The mobile app was built in-house by someone without mobile development experience. It was more of a catalogue than a tool — no search, no filters, just categories with dozens or hundreds of products listed in random order. Some categories were completely empty. There was no logic behind the content or the user experience.

But the real issue was deeper — in how the system was connected to the company’s core infrastructure. They were still using Oracle 9, and each night the system would generate massive exports: product prices, orders, delivery data, account balances. These were dumped into CSV files, uploaded via FTP, then downloaded again by a PHP script and parsed into another database that powered the actual app.

If everything went smoothly, a single update would reach the users once per day. But that wasn’t guaranteed.

To make things worse, all logs were being written into giant Oracle tables — without any partitioning or optimization. Eventually, the tables became so bloated they stopped responding to queries. The only way to rebuild indexes was to shut down the entire database — for a full day. And all of this was happening in a production environment, supporting real teams and real customers.

There were no bad people in this story. No one was careless. But the system had grown into something unmanageable, the result of years of decisions made under pressure, without the time or support to step back and rethink.

We see this more often than you might expect. Legacy systems that grew over time without architecture. MVPs that were never meant to last but never got replaced. Internal tools that cost hundreds of thousands — but don’t really help the people they were built for.

And still, we hear the same question: “Can you build us an MVP in 3 months?”
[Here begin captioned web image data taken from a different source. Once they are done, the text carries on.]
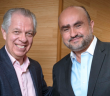 T-Systems estrena  director general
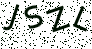 点击图片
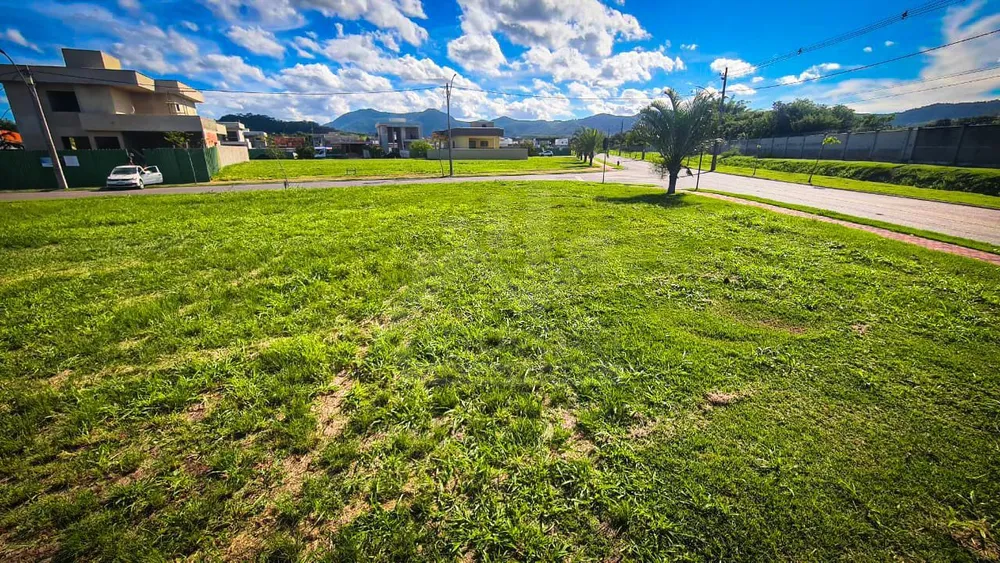 Terreno, 442 m² - Foto 2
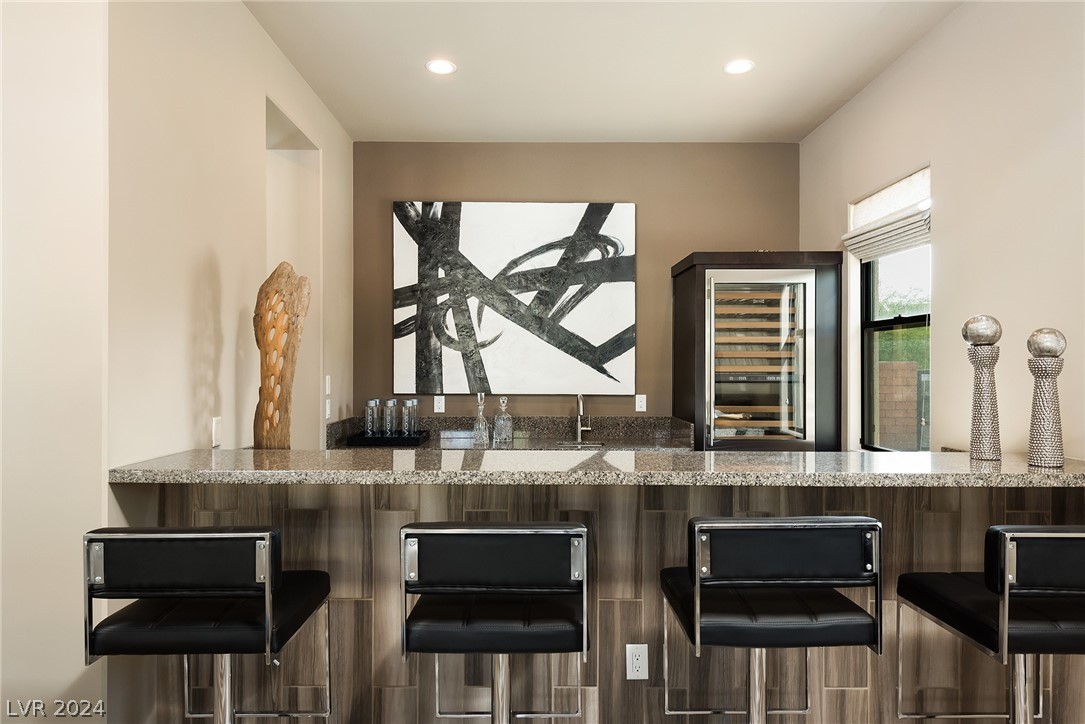 36 HUNTING HORN Drive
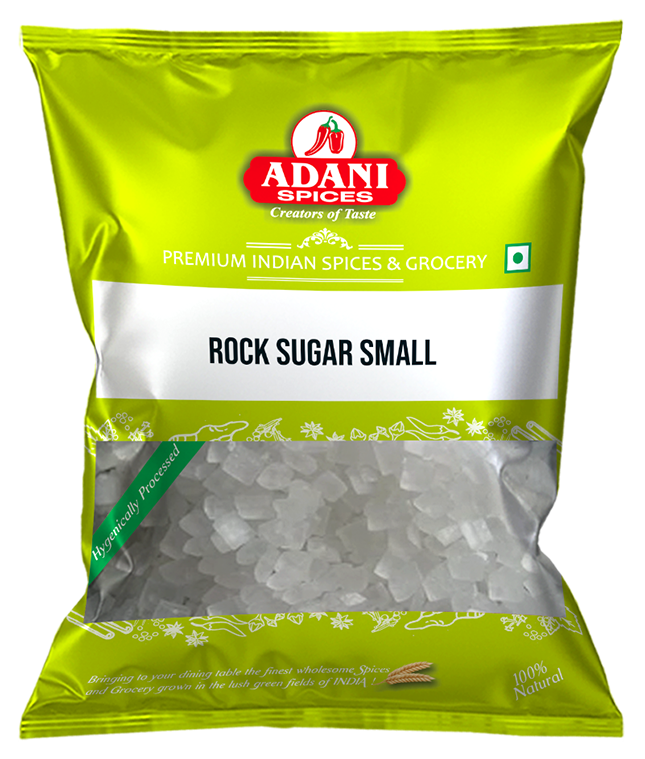 Adani Spices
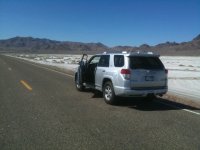 Bonneville Salt Flats Utah.jpg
Sure. But only if we agree what “minimum” and “viable” actually mean — and make space for decisions that won’t cost €900,000 later.

Diagram

So what would it take to fix it?

After the audit, here’s what our senior backend engineer recommended:

  • Upgrade the database to Oracle 11
  • Rebuild tables with proper partitioning
  • Move all logging outside the DB
  • Rewrite the backend using a microservice architecture (Spring Boot + Docker + Kubernetes)
  • Implement CI/CD pipelines
  • Define a complete functional matrix
  • Map user journeys and business processes
  • Design interfaces for desktop, Android, and iOS
  • Build an API service layer for all interactions
  • Secure the infrastructure: encrypted VPN, access control, and IDM system

Not a quick fix. Not a cheap one. But a path forward — and one that would work.

We’re still working on this project today. It’s a long-term collaboration — rebuilding not just the code, but the foundation for how the company operates digitally. Out of respect for our client, we won’t name them here. But their story isn’t unique.

The truth is, a lot of businesses are in the same place: systems that feel too big to fix, but too fragile to keep.

In the end, the choice always belongs to the client. Some choose to patch. Others decide to rebuild.

We’re here for both — and we’ll always be honest about what it takes.